## Task requirements
A faithful copy of the entries, without any pictures, is what is needed here.

## Task data
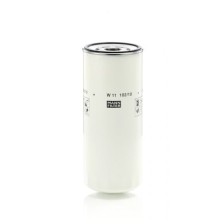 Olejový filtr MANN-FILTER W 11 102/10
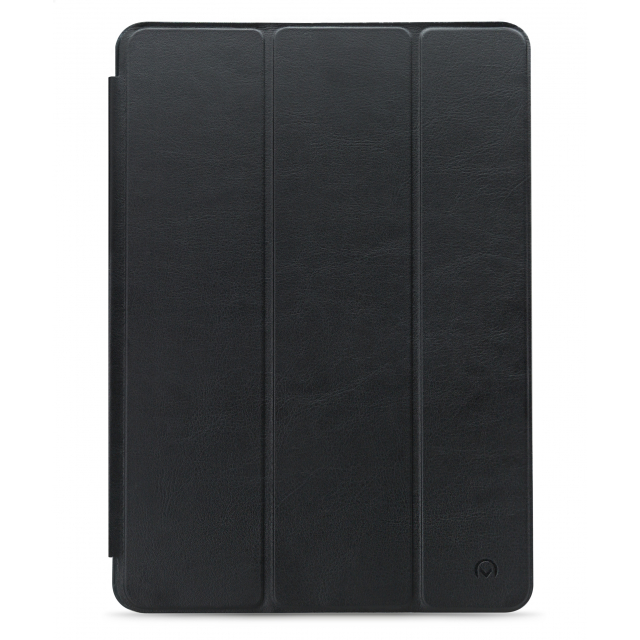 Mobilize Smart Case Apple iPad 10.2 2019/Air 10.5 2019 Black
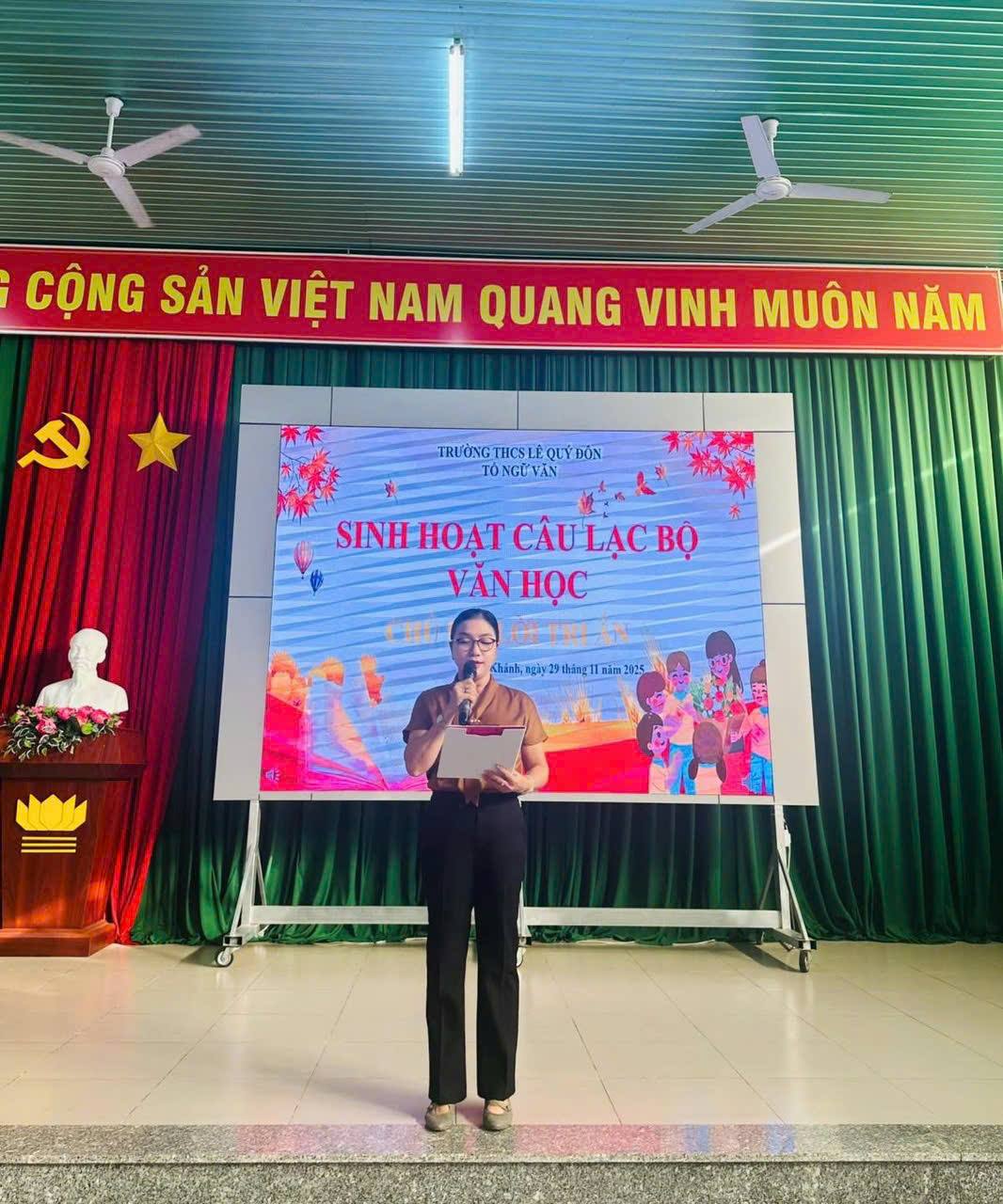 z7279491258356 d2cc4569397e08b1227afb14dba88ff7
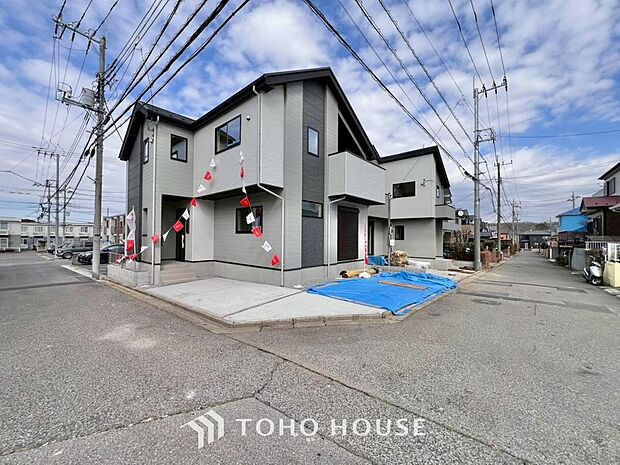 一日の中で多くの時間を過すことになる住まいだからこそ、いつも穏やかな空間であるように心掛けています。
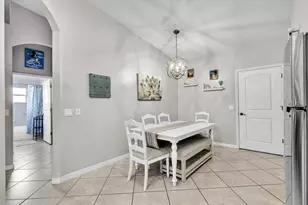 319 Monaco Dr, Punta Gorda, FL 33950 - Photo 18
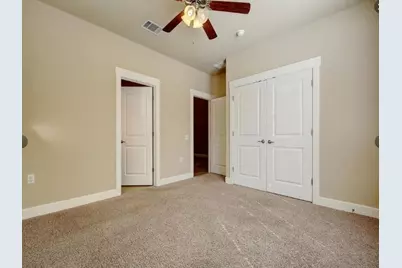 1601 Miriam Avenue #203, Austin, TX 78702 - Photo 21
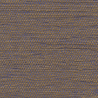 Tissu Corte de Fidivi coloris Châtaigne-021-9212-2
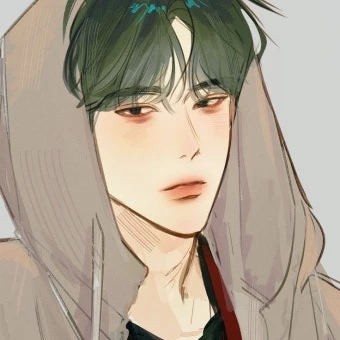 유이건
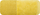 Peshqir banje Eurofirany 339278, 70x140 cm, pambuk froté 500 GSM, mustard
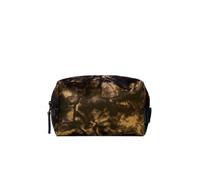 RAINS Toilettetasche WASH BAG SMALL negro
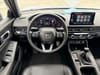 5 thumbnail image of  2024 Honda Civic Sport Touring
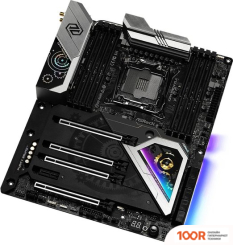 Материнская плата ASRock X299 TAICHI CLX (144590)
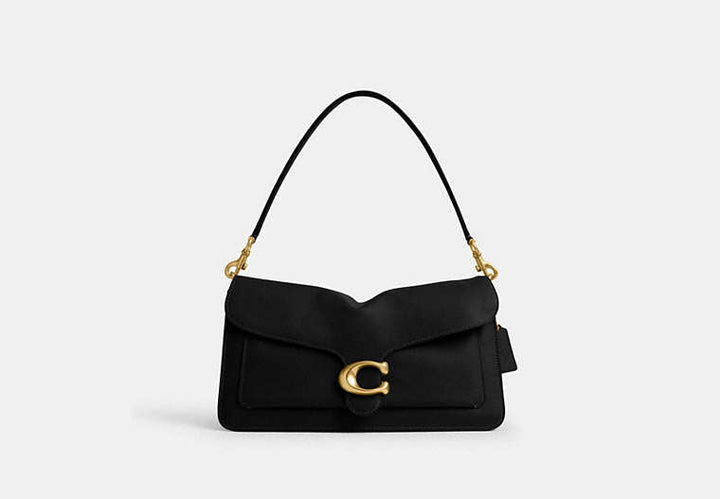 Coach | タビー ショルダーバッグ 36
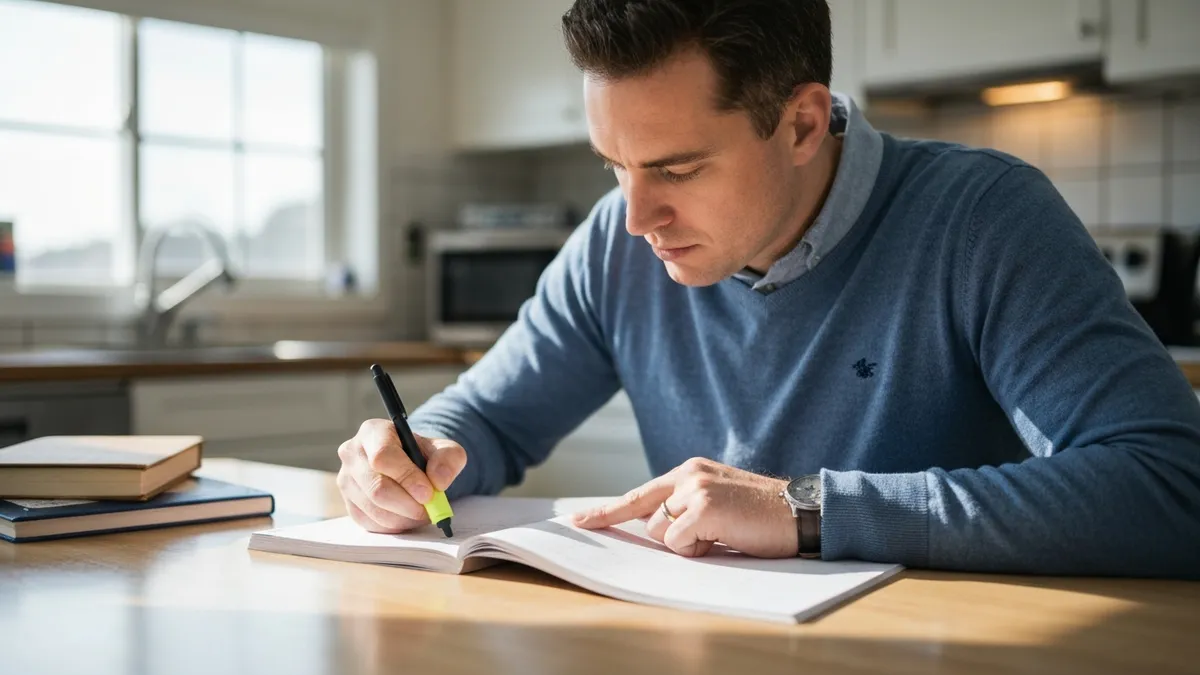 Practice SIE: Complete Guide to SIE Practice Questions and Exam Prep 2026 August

## Reply to the exercise
 Olejový filtr MANN-FILTER W 11 102/10
 Mobilize Smart Case Apple iPad 10.2 2019/Air 10.5 2019 Black
 z7279491258356 d2cc4569397e08b1227afb14dba88ff7
 一日の中で多くの時間を過すことになる住まいだからこそ、いつも穏やかな空間であるように心掛けています。
 319 Monaco Dr, Punta Gorda, FL 33950 - Photo 18
 1601 Miriam Avenue #203, Austin, TX 78702 - Photo 21
 Tissu Corte de Fidivi coloris Châtaigne-021-9212-2
 유이건
 Peshqir banje Eurofirany 339278, 70x140 cm, pambuk froté 500 GSM, mustard
 RAINS Toilettetasche WASH BAG SMALL negro
 5 thumbnail image of  2024 Honda Civic Sport Touring
 Материнская плата ASRock X299 TAICHI CLX (144590)
 Coach | タビー ショルダーバッグ 36
 Practice SIE: Complete Guide to SIE Practice Questions and Exam Prep 2026 August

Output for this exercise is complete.